(A)   This section describes the technical criteria necessary to design stormwater channels and ditches using conventional design procedures.
      (1)   These procedures shall be applied to roadside and rear yard ditches and highly urbanized channel.
         (2)   All blue line streams (especially in undisturbed areas) shall be designed using Natural Channel Design techniques, if possible.
      (3)   This criterion represents minimum requirements.
   (B)   Manning’s Equation is required, except in cases where backwater conditions are significant. All calculations must be submitted for review.
   (C)   Channels and ditches should be capable of conveying the ten-year storm flow within their banks.
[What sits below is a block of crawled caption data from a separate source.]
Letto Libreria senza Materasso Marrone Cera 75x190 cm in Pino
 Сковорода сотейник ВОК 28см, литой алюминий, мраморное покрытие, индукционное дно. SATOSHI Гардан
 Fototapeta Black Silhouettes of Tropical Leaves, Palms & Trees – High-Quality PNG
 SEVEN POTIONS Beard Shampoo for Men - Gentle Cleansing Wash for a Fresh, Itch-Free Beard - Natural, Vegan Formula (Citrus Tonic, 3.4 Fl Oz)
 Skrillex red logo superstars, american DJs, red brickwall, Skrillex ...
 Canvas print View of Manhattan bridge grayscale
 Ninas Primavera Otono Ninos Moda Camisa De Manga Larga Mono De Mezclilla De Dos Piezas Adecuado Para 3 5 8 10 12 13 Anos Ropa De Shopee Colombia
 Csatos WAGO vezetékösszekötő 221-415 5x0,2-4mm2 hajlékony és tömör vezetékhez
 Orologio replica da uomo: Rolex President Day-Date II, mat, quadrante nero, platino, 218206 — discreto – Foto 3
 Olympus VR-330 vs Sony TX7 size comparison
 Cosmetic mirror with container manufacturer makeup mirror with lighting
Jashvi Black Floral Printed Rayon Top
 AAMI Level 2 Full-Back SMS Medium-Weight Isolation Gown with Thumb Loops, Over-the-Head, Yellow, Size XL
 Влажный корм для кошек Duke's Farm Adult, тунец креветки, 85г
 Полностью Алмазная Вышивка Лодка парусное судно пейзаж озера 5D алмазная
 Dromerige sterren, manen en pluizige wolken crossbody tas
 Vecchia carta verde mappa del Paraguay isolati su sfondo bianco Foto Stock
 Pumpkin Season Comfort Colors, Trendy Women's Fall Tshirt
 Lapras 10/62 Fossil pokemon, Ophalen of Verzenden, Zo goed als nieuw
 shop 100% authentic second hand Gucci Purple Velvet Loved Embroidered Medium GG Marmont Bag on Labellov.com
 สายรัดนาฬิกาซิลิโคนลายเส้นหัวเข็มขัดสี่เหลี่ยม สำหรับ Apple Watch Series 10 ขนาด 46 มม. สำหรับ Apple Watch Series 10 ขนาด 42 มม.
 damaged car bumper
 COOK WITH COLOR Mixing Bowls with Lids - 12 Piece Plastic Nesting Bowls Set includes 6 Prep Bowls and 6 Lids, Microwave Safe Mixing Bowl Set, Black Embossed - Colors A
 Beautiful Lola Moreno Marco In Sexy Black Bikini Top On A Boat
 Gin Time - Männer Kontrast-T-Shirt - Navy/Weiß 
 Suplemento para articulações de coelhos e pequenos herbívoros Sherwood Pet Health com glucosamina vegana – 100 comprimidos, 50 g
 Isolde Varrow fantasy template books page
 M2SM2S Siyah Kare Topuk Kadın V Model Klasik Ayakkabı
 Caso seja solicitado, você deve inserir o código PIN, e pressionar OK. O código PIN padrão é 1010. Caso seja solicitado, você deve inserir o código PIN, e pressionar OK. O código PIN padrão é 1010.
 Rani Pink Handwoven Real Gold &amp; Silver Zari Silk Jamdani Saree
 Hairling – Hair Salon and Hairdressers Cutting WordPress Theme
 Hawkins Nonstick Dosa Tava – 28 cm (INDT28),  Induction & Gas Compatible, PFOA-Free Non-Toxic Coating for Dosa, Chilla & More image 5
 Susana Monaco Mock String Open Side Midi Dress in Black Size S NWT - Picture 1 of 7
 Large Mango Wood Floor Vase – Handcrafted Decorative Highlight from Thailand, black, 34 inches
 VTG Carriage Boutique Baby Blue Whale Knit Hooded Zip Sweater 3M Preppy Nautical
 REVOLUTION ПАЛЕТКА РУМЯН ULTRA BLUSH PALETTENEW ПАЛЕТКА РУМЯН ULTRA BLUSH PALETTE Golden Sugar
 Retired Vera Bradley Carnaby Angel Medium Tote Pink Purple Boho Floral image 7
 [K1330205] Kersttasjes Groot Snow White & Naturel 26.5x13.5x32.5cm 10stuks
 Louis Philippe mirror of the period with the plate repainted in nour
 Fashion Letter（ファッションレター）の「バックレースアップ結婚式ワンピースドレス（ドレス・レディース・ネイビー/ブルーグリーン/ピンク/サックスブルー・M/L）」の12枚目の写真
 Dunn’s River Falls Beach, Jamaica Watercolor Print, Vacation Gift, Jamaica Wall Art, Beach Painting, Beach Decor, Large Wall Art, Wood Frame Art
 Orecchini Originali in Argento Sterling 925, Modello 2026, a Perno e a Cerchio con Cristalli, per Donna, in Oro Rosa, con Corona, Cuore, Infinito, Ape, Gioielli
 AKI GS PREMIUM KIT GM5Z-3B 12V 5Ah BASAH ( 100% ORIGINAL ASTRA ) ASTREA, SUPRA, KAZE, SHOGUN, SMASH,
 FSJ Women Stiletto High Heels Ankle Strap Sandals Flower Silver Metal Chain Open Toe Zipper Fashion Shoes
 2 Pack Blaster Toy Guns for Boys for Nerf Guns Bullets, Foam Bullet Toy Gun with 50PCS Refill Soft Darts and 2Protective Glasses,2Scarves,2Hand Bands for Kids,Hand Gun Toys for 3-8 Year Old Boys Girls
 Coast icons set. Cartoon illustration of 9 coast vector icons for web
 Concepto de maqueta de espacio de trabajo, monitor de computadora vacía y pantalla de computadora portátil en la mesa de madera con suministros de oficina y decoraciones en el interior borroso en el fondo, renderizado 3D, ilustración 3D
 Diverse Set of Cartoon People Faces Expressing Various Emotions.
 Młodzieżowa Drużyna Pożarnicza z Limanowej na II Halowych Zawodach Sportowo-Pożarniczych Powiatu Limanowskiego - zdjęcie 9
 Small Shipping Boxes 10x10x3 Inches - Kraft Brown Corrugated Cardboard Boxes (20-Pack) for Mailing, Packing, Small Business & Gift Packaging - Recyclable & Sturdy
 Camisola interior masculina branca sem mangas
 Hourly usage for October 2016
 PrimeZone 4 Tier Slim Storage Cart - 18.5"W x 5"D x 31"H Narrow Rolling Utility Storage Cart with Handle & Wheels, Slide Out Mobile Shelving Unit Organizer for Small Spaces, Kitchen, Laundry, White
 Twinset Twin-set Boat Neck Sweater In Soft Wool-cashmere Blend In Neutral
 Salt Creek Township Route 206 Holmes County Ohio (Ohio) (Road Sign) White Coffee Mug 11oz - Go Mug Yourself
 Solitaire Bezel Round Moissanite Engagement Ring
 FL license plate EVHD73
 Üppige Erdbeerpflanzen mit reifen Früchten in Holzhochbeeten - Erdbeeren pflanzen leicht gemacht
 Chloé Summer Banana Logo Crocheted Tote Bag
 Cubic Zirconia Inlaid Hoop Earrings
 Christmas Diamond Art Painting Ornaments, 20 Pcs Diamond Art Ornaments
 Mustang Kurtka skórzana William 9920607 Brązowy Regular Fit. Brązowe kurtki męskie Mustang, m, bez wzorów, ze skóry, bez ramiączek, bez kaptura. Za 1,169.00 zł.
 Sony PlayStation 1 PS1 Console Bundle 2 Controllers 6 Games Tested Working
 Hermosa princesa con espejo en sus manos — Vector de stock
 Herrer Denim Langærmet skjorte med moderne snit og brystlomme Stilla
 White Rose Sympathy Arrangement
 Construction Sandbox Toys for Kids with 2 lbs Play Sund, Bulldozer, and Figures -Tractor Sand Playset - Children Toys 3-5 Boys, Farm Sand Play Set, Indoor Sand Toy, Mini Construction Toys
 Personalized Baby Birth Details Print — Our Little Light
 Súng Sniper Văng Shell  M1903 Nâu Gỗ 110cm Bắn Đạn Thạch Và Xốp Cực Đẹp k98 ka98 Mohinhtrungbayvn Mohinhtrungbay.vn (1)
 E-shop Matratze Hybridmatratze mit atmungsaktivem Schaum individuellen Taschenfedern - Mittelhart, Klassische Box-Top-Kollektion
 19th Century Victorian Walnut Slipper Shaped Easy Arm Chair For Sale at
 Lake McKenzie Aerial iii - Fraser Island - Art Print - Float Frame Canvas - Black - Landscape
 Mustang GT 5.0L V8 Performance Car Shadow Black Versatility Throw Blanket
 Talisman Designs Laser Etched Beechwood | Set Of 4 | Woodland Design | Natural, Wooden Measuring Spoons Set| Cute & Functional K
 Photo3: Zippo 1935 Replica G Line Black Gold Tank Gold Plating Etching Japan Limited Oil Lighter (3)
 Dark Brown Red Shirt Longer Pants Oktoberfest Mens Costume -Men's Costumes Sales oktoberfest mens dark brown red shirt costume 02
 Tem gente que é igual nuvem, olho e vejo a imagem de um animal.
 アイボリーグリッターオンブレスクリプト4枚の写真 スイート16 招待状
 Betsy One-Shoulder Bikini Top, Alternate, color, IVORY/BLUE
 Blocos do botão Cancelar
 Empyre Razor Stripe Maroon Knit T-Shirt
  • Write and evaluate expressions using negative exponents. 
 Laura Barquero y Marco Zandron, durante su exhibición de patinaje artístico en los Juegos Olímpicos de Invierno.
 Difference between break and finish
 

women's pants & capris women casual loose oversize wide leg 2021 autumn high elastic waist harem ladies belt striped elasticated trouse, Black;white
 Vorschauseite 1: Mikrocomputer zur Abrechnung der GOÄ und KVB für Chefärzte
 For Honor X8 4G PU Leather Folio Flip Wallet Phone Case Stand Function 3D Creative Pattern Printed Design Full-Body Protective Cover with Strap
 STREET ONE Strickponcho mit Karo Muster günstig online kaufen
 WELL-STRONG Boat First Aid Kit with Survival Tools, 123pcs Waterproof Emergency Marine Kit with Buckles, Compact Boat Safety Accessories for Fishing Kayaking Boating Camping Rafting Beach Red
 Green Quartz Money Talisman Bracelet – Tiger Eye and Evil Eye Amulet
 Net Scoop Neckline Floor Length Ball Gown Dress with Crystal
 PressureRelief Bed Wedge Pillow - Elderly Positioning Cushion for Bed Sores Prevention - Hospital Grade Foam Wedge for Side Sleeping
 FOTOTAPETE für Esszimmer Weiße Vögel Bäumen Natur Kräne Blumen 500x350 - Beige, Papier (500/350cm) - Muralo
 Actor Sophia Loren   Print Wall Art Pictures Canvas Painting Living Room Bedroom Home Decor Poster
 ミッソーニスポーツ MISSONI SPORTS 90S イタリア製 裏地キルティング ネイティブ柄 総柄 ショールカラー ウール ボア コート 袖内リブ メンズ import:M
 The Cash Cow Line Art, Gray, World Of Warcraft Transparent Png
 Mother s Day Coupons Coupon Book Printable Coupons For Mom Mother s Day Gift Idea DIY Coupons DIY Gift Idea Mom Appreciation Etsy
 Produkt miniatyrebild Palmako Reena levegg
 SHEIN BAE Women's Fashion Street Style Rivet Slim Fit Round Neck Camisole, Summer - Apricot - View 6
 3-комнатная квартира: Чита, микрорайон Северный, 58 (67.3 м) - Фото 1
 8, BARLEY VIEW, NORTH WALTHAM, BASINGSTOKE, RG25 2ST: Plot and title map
Through drainage systems (culverts, storm sewers and the like) shall generally be designed to collect and transport the post-development rate of runoff for the ten-year design storm. In all cases, the 100-year discharge elevation shall be checked to ensure that adjacent structures do not suffer flood damage.
   (D)   All through systems constructed must be capable of passing the 100-year design flow within the drainage easement.
   (E)   All open channels, whether private or public, and whether constructed on private or public land, shall conform to the design standards and other design requirements contained herein.
   (F)   The waterway for channels shall be determined using Manning’s Equation, where:
            Q = 1.486 R 2/3S1/2A
         Q = volumetric flow rate (cfs)
         R = the hydraulic radius in feet
         S = the slope of the energy grade line in feet per foot
         n = roughness coefficient
         A = cross-sectional area
The hydraulic radius, R, is defined as the cross sectional area of flow divided by the wetted flow surface or wetted perimeter.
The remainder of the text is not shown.